Global equities were very volatile over the past month. After flirting with bear market territory in mid-May (see chart), equity markets recovered some of the lost ground before reversing course somewhat throughout early June. Regionally, Europe, Japan and emerging market equities outperformed the U.S. In contrast to earlier this year, Europe’s return over the past month was supported by some dollar weakness, as well as the continued outperformance of value versus growth. The energy sector had another strong month, as the agreement to sanction Russian oil exports pushed up oil prices.
Looking ahead, more cautious investors have largely priced in the more immediate headwinds to growth and corporate profitability. That said, risks with respect to the war in Ukraine, Covid in China and sticky inflation across the world remain. Absent a major deterioration in the outlook, we do not foresee a recession in the U.S., however, we do expect a more challenging growth outlook given higher consumer costs and tighter Fed policy. For Europe the risk of recession is somewhat higher but not our base case. Tactically, we moderated the size of our U.S. equities overweight. We are now 2% underweight equities overall but maintain a preference for the U.S.
- We’ve moved to an overweight position in GLI.
- GLI has shown favorable historical returns in the interest rate environment we expect.
- We retain our overweight to natural resources, which also helps deal with inflationary risks alongside GLI.
As our outlook on growth shifts lower but with inflation still uncertain, global listed infrastructure (GLI) has become more attractive and has earned a tactical overweight in our global policy model. GLI – alongside also-overweighted natural resources – can provide portfolio protection against inflationary pressures. We’ve seen historical evidence of this protection – both GLI and natural resources have outperformed broad equities during “high inflation” periods (as defined by “top quartile” inflation using data going back to 2001). And we’ve also seen contemporary evidence – in this year’s inflationary backdrop, GLI and natural resources have both provided hard-to-come-by positive returns.

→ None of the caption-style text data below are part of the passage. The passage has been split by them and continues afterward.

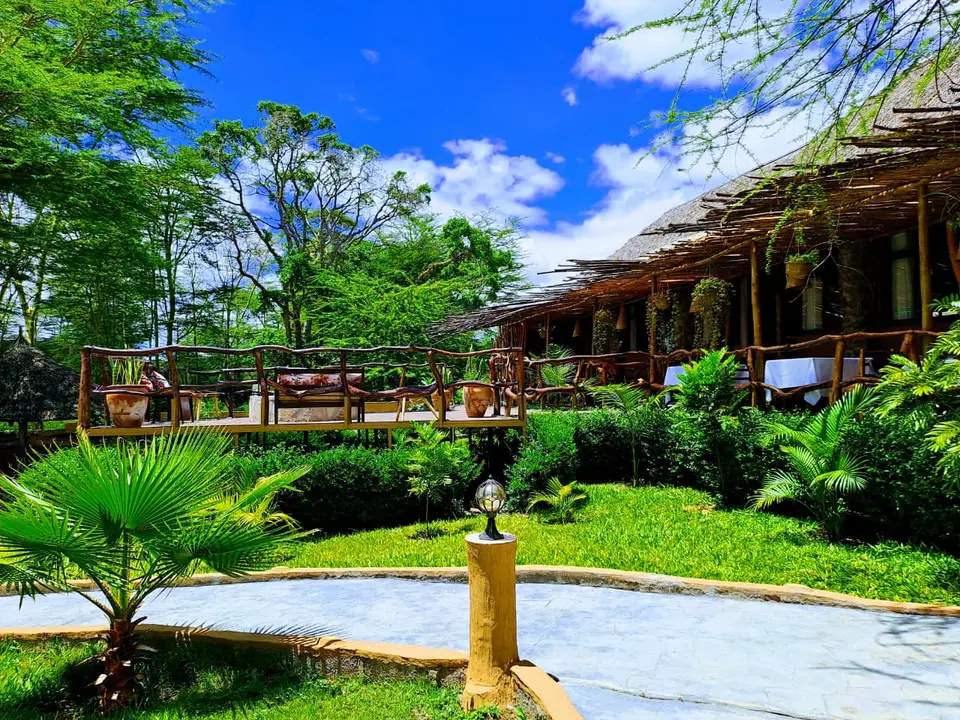 Open thatched terrace among acacia woodland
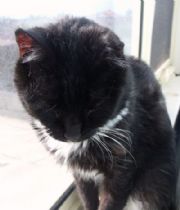 Moggy Donna  Summers's Memorial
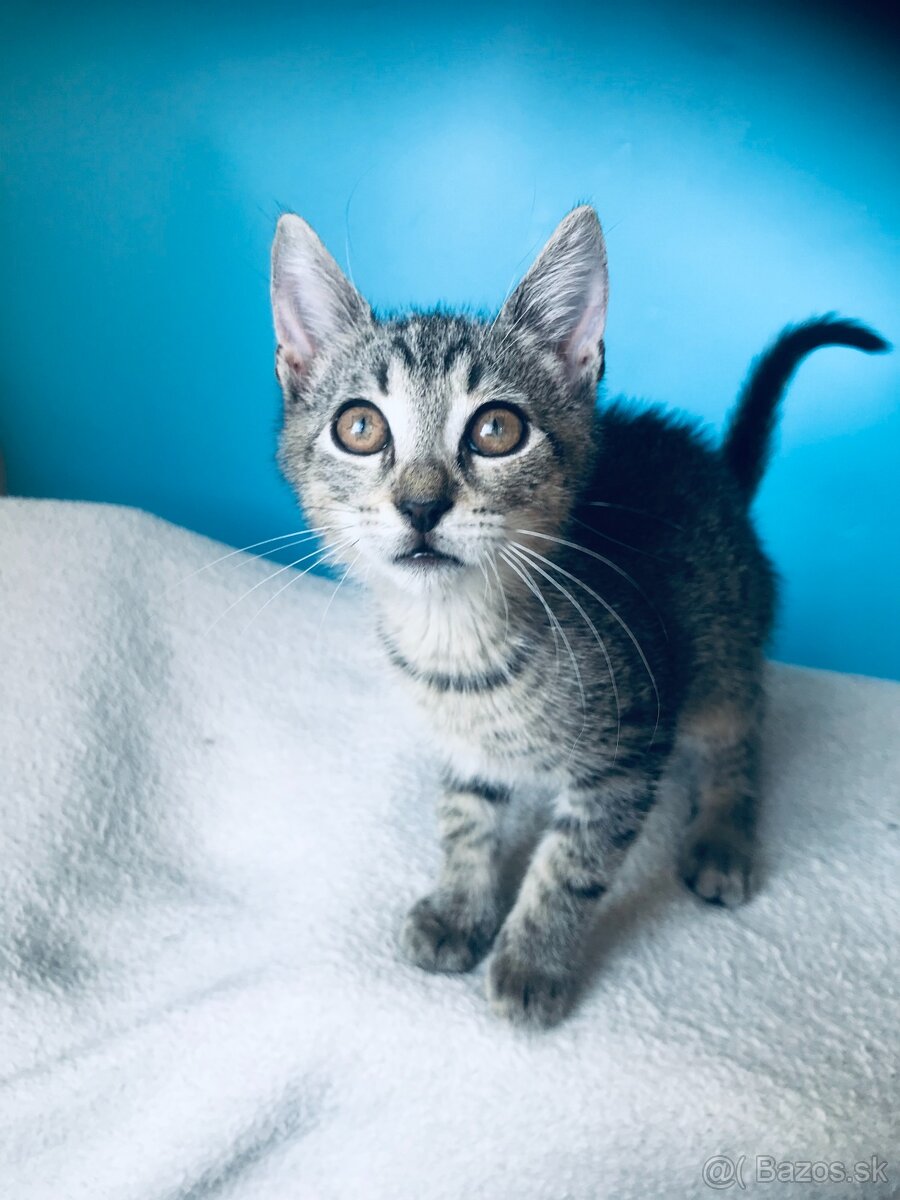 ZIGGY SI HĽADÁ DOMOV VO VNÚTRI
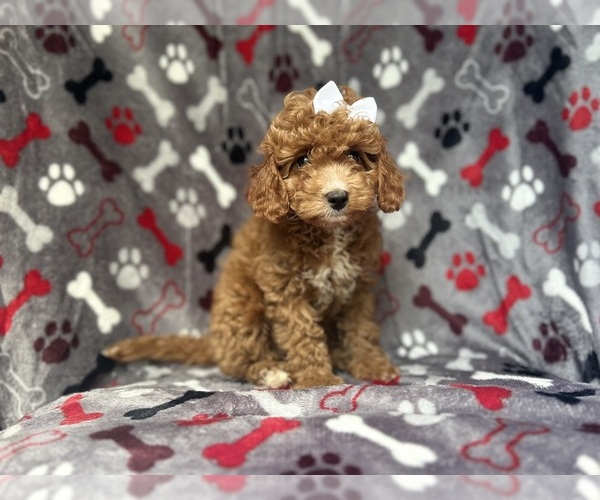 Medium Photo #8 Cavapoo Puppy For Sale in LAKELAND, FL, USA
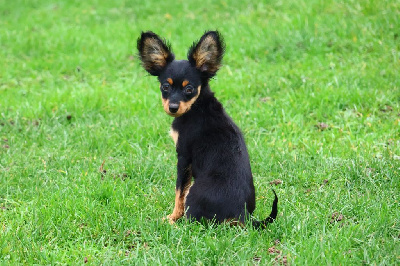 Les chiots de Russkiy Toy (Petit Chien Russe)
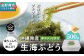 【沖縄県産】生海ぶどう 島食専門店kinchanchi 　金ちゃんちの海ぶどう
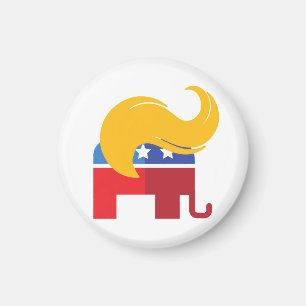Trump 2024 Presidential Election Magnet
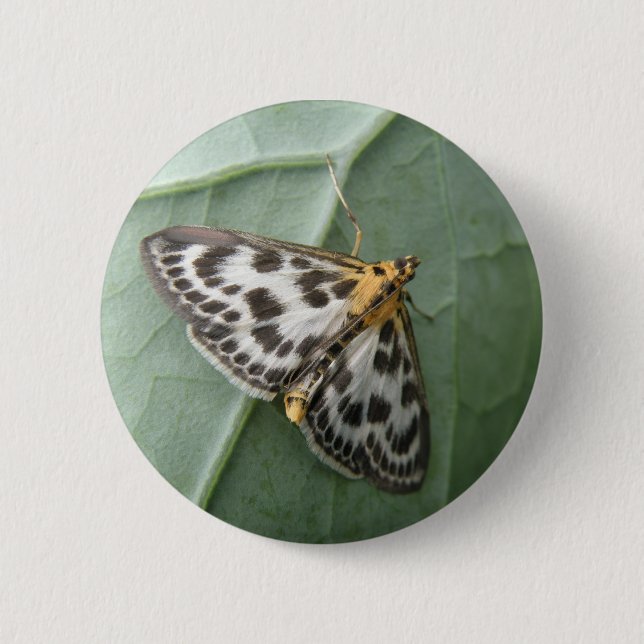 Badge Rond 5 Cm Bouton Moth de petite taille (Devant)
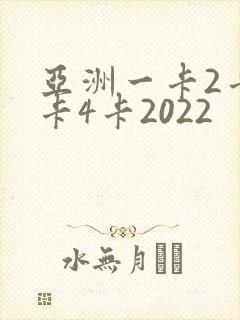 亚洲一卡2卡三卡4卡2022封面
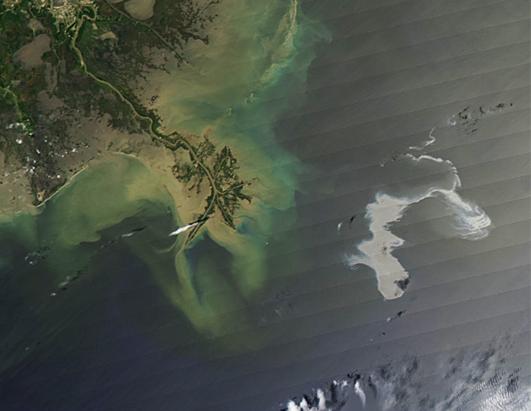 Gulf of Mexico Oil Spill Threatens Wildlife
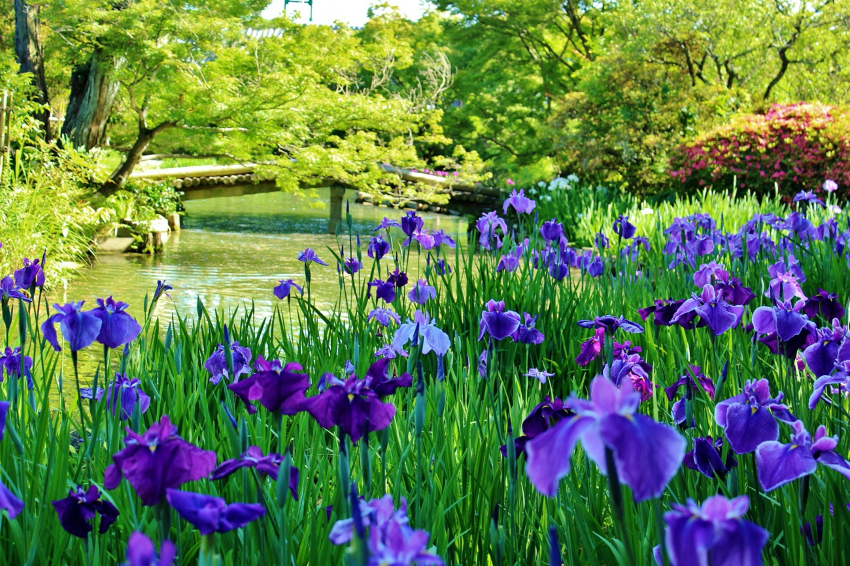 京都の庭園に咲く花菖蒲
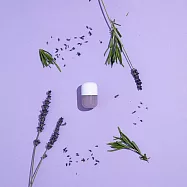 SHIFT韓國蓮蓬頭專用維生素香氛膠囊 茶樹薰衣草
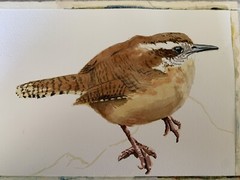 Original watercolor Carolina Wren painting bird art nature decor birding animals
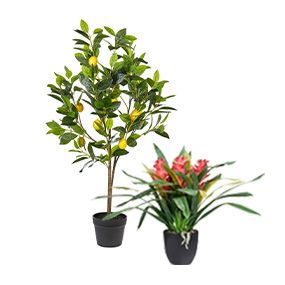 Artificial Plants and Flowers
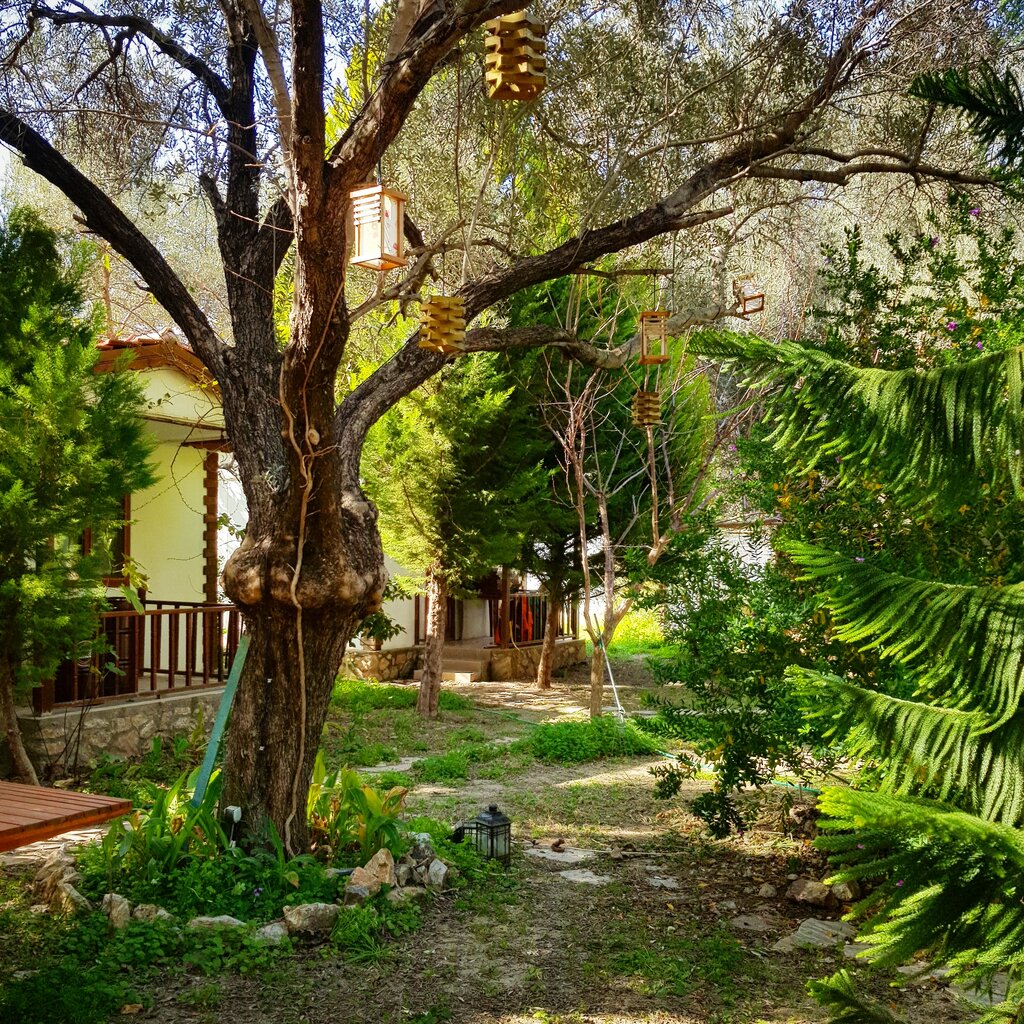 Eftalikus Datça, otel, Mesudiye Mah., Datça, Muğla, Türkiye Yandex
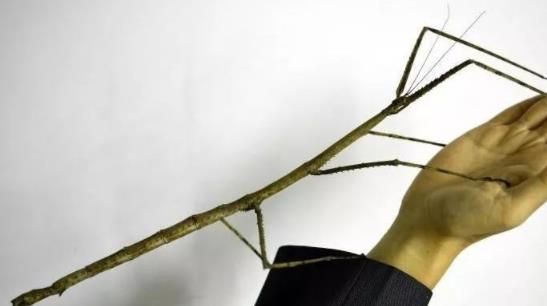 世界最大昆虫 中国巨型竹节虫首产卵成功孵化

However, GLI can also provide protection against a slowing economy. Slowing economic growth often comes with slowing (sometimes reversing) interest rate increases. And GLI does best relative to broader equities during periods of falling interest rates. As seen in the chart, GLI does show absolute losses during large (0.25% or greater) falls in the 10-year U.S. Treasury yield – but outperforms global equities greatest in those periods (dark green bars). During small declines in 10-year yields (0 to 0.25%), GLI performs best, slightly outpacing equities (light green bars). We find the latter interest rate experience to be most likely.